The China Terrace Gets a Face Lift

August 25th, 2019 | 10 Comments »

The title of this post might well be The China Terrace gets a Floor Lift… but that would be confusing and not entirely accurate. So what has happened?

The China Terrace, a re-imagining of the grand resort hotel that once stood on the property, was one of the first projects I undertook at Glen Villa.
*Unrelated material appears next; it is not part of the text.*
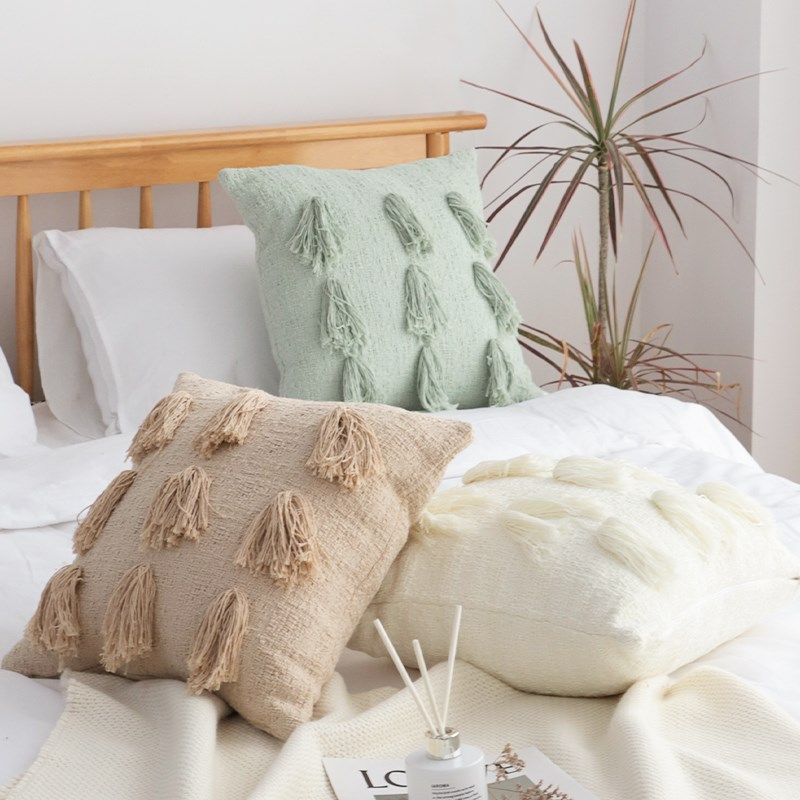 假日手工流苏抱枕不含芯方枕沙发靠枕靠垫床上用抱枕枕靠垫,居家布艺,靠垫/抱枕,淘宝优惠券,粉丝福利购,淘宝优惠卷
The entry to the China Terrace uses old pillars I found in a local antique store.
The entry to the China Terrace uses old pillars I found in a local antique store. The posts that curve up beyond suggest a staircase to an imaginary second story.

 

My friend, the landscape architect Myke Hodgins, named the area after the broken china my daughter and I found on the site, and I’ve worked on the area off and on since 2002.

 

Some pieces of the broken china we found showed the name and location: Glen Villa Inn, Massawippi Lake. Local artist Caroline George used them to form this mosaic welcome mat at the entry.
Some pieces of the broken china we found showed the name and location: Glen Villa Inn, Massawippi Lake. Local artist Caroline George used the shards to form this mosaic welcome mat at the entry.

 

Our first job on site was to rebuild a low stone wall around the area, a rectangle approximately 40 X 60 feet. Our second was to create a bedroom, an essential for any hotel. I wanted to cover the old iron frame bed I tucked into a corner with roses but there wasn’t enough light so instead I planted flowery perennials that could withstand the shade.

 

I used Lamium 'Fancy Nancy' for the bedspread and Alternathera 'Purple Prince' for the pillow.
Instead of roses I used Lamium ‘Fancy Nancy’ for the bedspread and different dark-coloured plants for the pillow.

 

But as hardy as the plants were, they couldn’t survive the winter in only a few inches of soil atop a steel plate. That meant that every fall the plants had to be dug up, planted in earth over the winter and replanted every spring.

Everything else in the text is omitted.